The Committee to Protect Journalists (CPJ) is deeply concerned about an August 15 arson attack on the home of Gambian journalist and BBC correspondent Ebrima Sillah, and recent threats against local independent journalists. About 3 a.m., attackers broke through the windows of Sillah's house, poured gasoline, and set fire to the building, causing extensive damage. The house is located outside the capital, Banjul.
Sillah was inside sleeping when the attack took place, but he was able to escape without injury. No one else was inside the house at the time. Sillah told CPJ that neighbors helped extinguish the blaze, which burned for more than two hours.
Several days before the attack, Demba Jawo, president of the Gambia Press Union (GPU), received an anonymous threatening letter at his home. The letter criticized Jawo and the independent press in Gambia for their coverage of Your Excellency and your ruling Alliance for Patriotic Reorientation and Construction (APRC) party, saying that the journalists' coverage was biased against you. "Very soon we will teach one of your journalists a very good lesson," the letter threatened.
In July, the BBC in London received a letter signed "The Green Boys," which criticized Sillah's coverage for the BBC of the 10-year anniversary of the July 22 coup that brought Your Excellency to power in 1994. The letter accused Sillah's reporting of being biased against Your Excellency, and threatened to attack the journalist.
Sillah told CPJ that he gave a copy of the letter to the local police, who promised to investigate its source. However, the police have announced no information from that investigation, and have not announced a new investigation into the arson attack, Sillah said.
This attack is the latest in a series of arson assaults on independent media in the Gambia. On April 13, armed men stormed a building in suburban Kanifing that housed the printing press of the private biweekly newspaper, The Independent. The men fired shots inside the building before dousing equipment with gasoline and setting it ablaze. Three employees were injured in the fire. The Independent was also attacked in October 2003, when three unidentified men set fire to the newspaper's main offices in Banjul, forcing staff to relocate temporarily.

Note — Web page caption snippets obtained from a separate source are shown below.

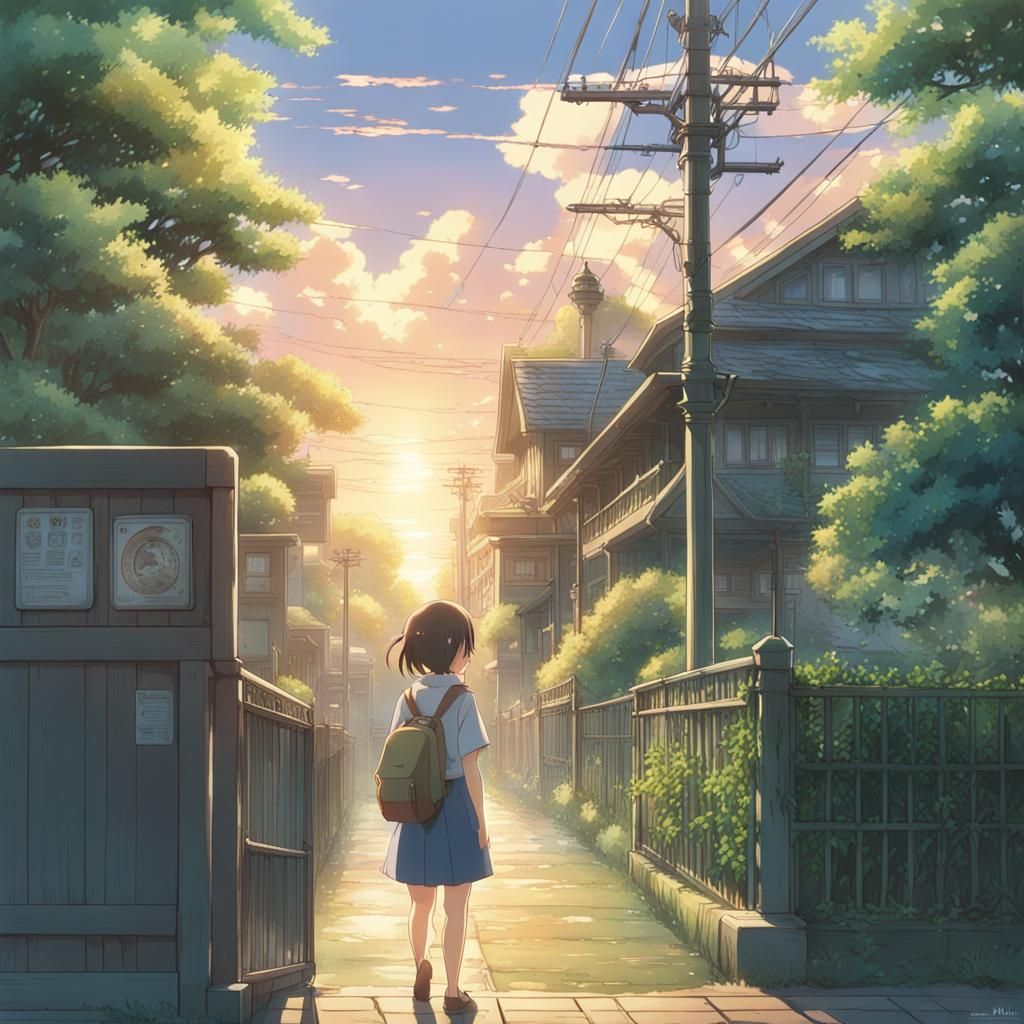 Anime Girl's Job Search: Studio Ghibli Style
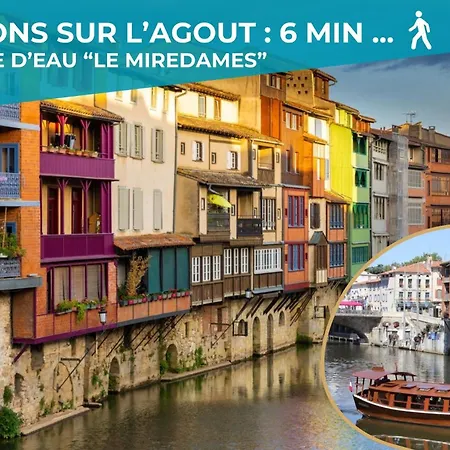 Apartman L'intemporel - Grand T2 Climatise, Terrasse Couverte En Hypercentre *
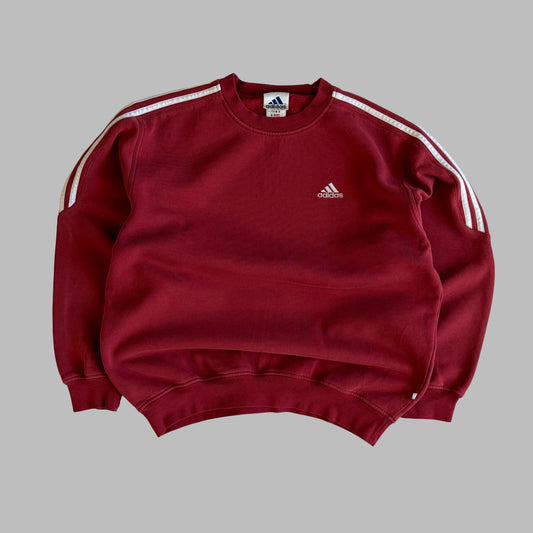 90s Adidas Classic Three Stripe Sweatshirt - L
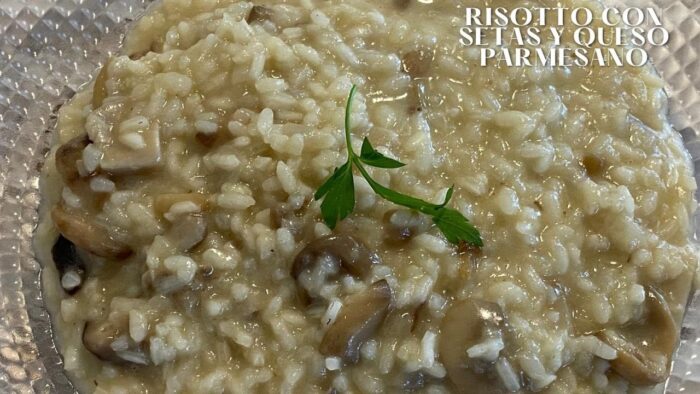 RISOTTO DE SETAS  🍄‍🟫 CON THERMOMIX 6!!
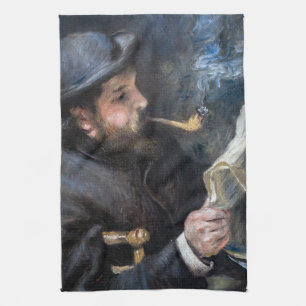 Pierre-Auguste Renoir - Claude Monet Reading Kitchen Towel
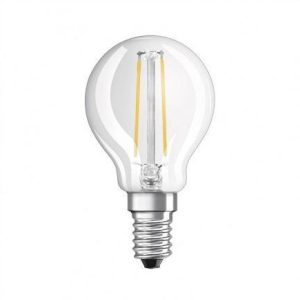 Лампа OSRAM LED E14 4Вт 4000K 470Лм P45 филаментная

The attacks on Sillah's home and on The Independent closely resemble an August 2000 arson attack on the offices of the independent Banjul-based Radio 1 FM, which injured several journalists and forced the station off the air for two days.
According to local journalists, no one has been prosecuted in connection with any of these attacks.
As an organization of journalists dedicated to defending the rights of our colleagues worldwide, CPJ condemns the attacks on Ebrima Sillah and independent media outlets in the Gambia. We respectfully urge Your Excellency to ensure a thorough, independent investigation into these attacks, and to ensure that those responsible are brought to justice. The lack of prosecution in these cases is shocking and sends a dangerous message that those who attack journalists in the Gambia can do so with impunity.
Thank you for your attention to this urgent matter. We look forward to your response.